Tuesday, it was someone else’s turn. When I arrived at my child-care provider’s house, a car was in the driveway. A woman stood in the cold. She dabbed her nose with Kleenex and peered into a back-seat window.
There was no blond in the car. There is no joke in this tale.
The woman’s 11-week-old son was sleeping peacefully in his rear-facing car seat. Her keys hung from the ignition switch. The baby had been locked in for nearly an hour. He had cried himself to sleep.
The mother’s first instinct had been to call 911. By the time I got there, an Everett police officer had come and gone, but hadn’t sprung the lock.
Finally, up pulled a white steed disguised as an Evergreen Lock & Key truck. The knight who jumped out saved the day with a metal gadget slipped between the car’s window and door. With her baby safe in her arms, the mother handed the knight a credit card without asking his fee.
"It usually averages $40 to $45 for a lockout," said Randy Halvorson, office manager at the Everett business. "I’d say we average about six of these a day. In fact, we’ve had four lockouts so far this morning."
Sgt. Butch Braley of the Everett Police Department explained that officers rarely help people get into their locked cars because of the design of newer-model vehicles.
"The electric locks on cars are very difficult to deal with," Braley said when asked why officers don’t carry unlocking tools. "Generally, a supervisor has those in his car, but we discourage an officer from using them. The only time we make an entry into a car is if the vehicle is running or if there is a child inside. If we do any damage, we could become responsible for the car."
There’s also a safety concern with newer cars. "Side-impact air bags can explode," Braley said.
Cold weather brings a rash of locked-out calls.
"People go out and run their car to warm it up," Braley said.
Police tell most callers to contact a locksmith or towing company.
Janet Ray, a spokeswoman for AAA of Washington, said 18 percent of the auto club’s calls "come in for locksmith service."
"With today’s new models, and all the different locking mechanisms, we warn members never to get out of the car with a key still in the ignition," Ray said. "If for some reason they need to get out and have the engine running, they should never do that without leaving a window down."
The days of using a coat hanger to break in are over, Ray said.

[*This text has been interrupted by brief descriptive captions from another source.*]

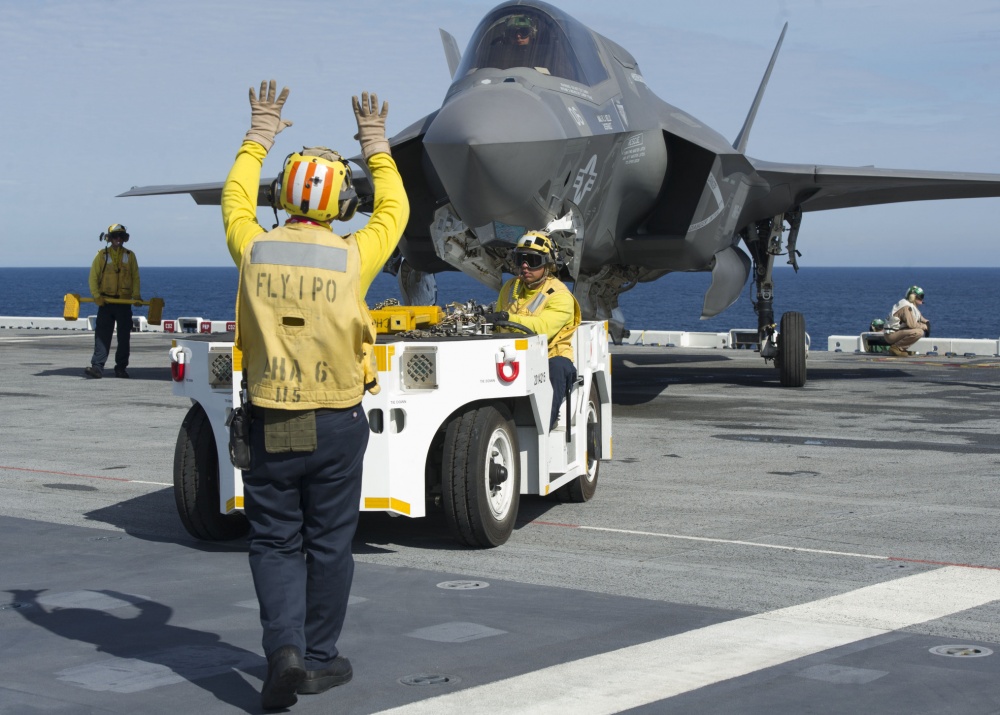 An F-35B Lightning II aircraft is taxied on the flight deck of amphibious assault ship USS America  (U.S. Navy photo by Petty Officer 1st Class Benjamin Wooddy/Released)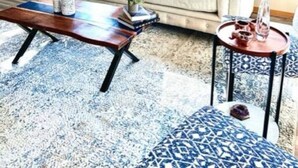Un salon avec un canapé beige, une table basse en bois et un tapis à motifs.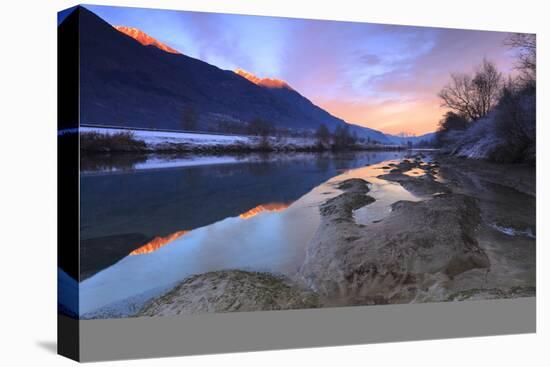 The colors of sunset are reflected in the Adda River, Valtellina, Lombardy, Italy, Europe-Francesco Bergamaschi-Premier Image Canvas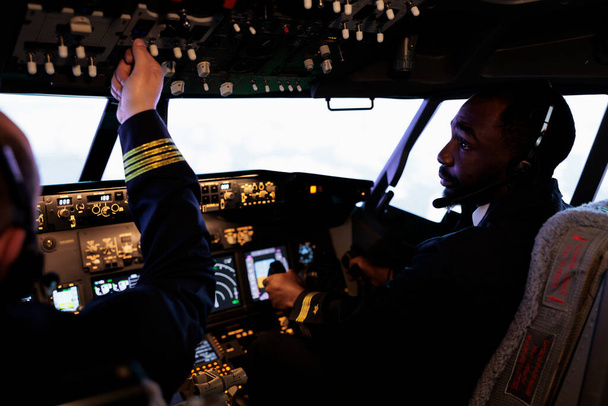 Pilotlardan oluşan çok ırklı bir ekip, pilot kabininde kontrol panelini kullanarak uçak uçuruyor, güç düğmesine basıyor ve kalkış için kontrol paneli düğmelerine basıyor. Kulübede uçuş ekibiyle birlikte uluslararası havayolu hizmeti. - Fotoğraf, Görsel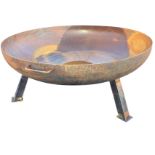 A wrought iron firepit bowl with two handles, raised on three square angled legs. (39.5in dia x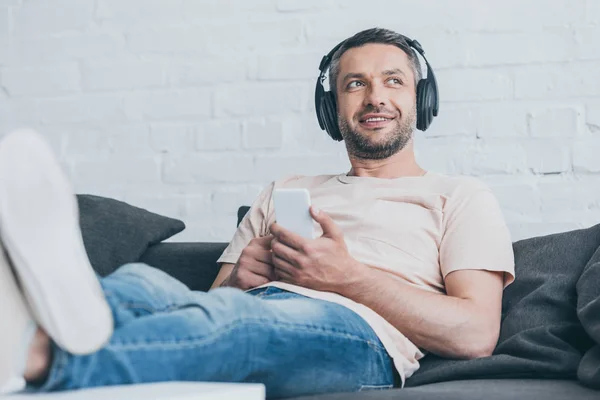 Foco seletivo do homem alegre em fones de ouvido olhando embora enquanto segurando smartphone — Fotografia de Stock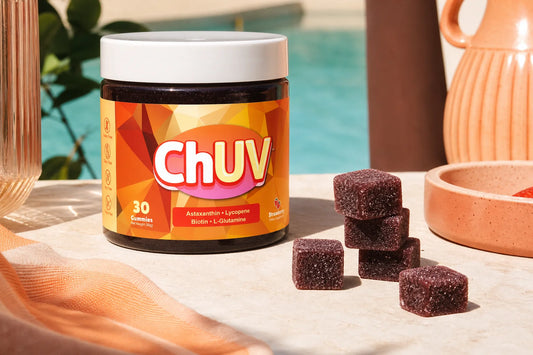 ChUV tanning gummies and bottle on a sun-lit poolside surface representing the astaxanthin vs CoQ10 antioxidant comparison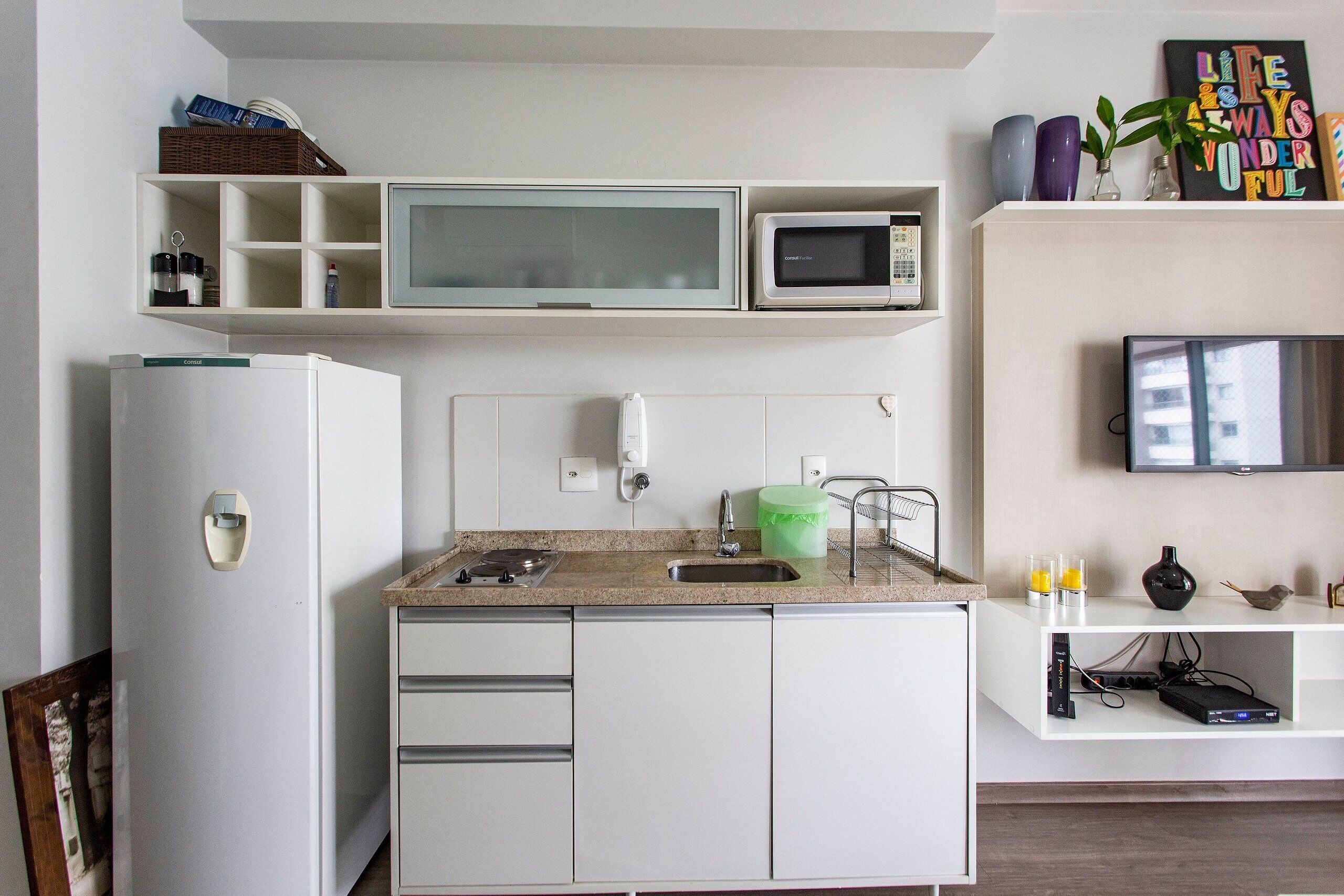 Eine kompakte Küche mit Kühlschrank, Mikrowelle, Spüle und einem wandmontierten Flachbildfernseher.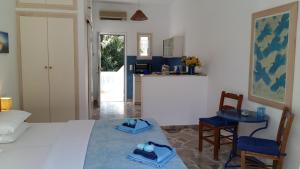 a bedroom with a bed and a table and chairs at Bungalows Ingrid in Tolo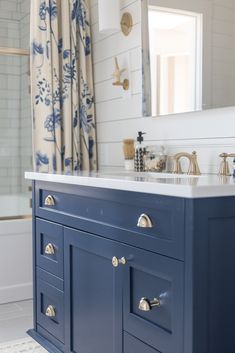 a bathroom with blue cabinets and white walls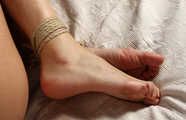 Ballgagged nude barefoot Alberta, hogtied with hemp rope, wiggles and rolls on the bed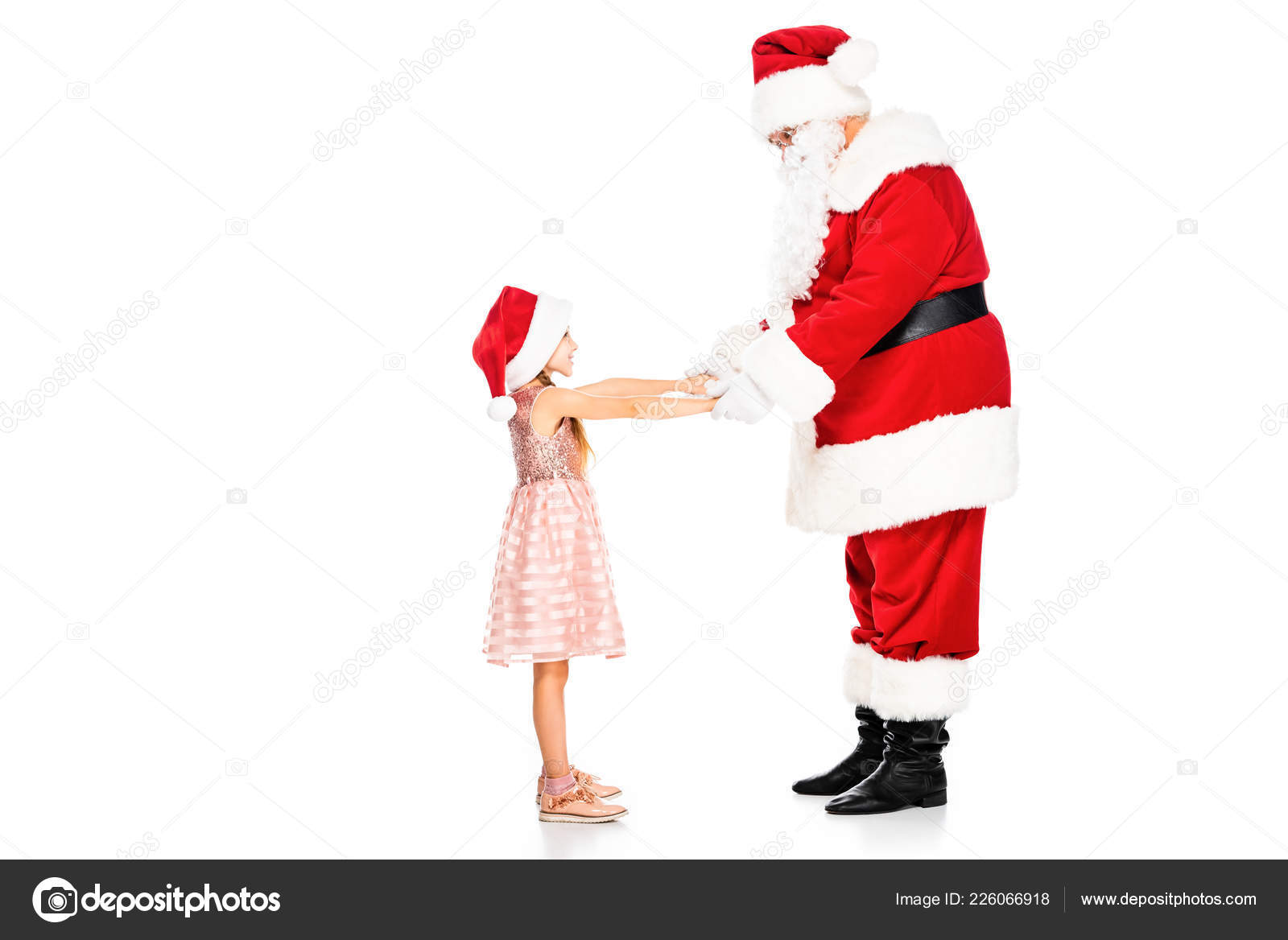 侧视图的圣诞老人和小孩手牵手孤立在白色——图库图片© IgorVetushko #226066918, image size:1600x1168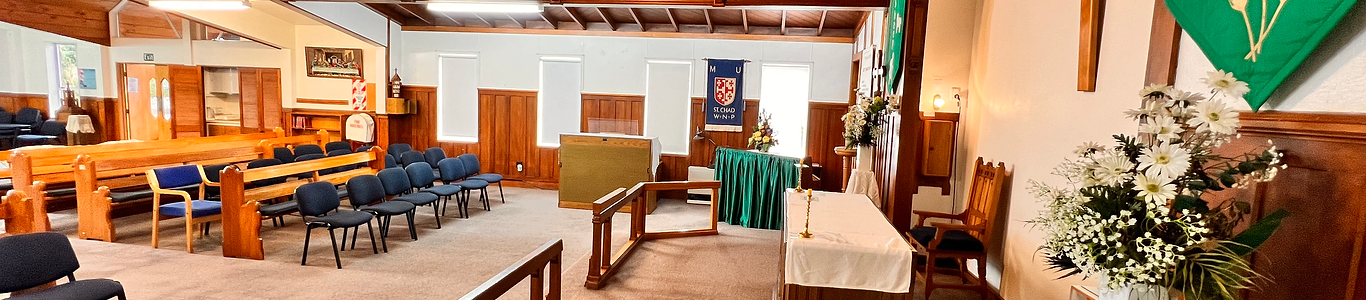 Timber-pewed chapel interior with an altar table, flags, and timber panelling on the walls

Dumb, huh? It’s dumber than a blond joke that auto companies don’t build cars that are lockout-proof. It’s one of those "they can put a man on the moon …" propositions.
Technology is improving. Auto safety is improving. But we’re stuck with human nature, too many distractions, and cars that are too easy to lock with their 11-week-old passengers inside.
When my older kids were babies, I drove an ancient Audi Fox. The 1975 model had no automatic locks. I couldn’t push the buttons down and lock the Fox from outside. I had to use a key, which meant I had to have the key in my hand. I never had a morning like the one an Everett mom had Tuesday.
Hear that, you auto-design wizards? Fix it.
And do something about key-ring car alarms. My 2-year-old loves to grab mine and push the panic button. That horn you hear is not the sound of my car being stolen.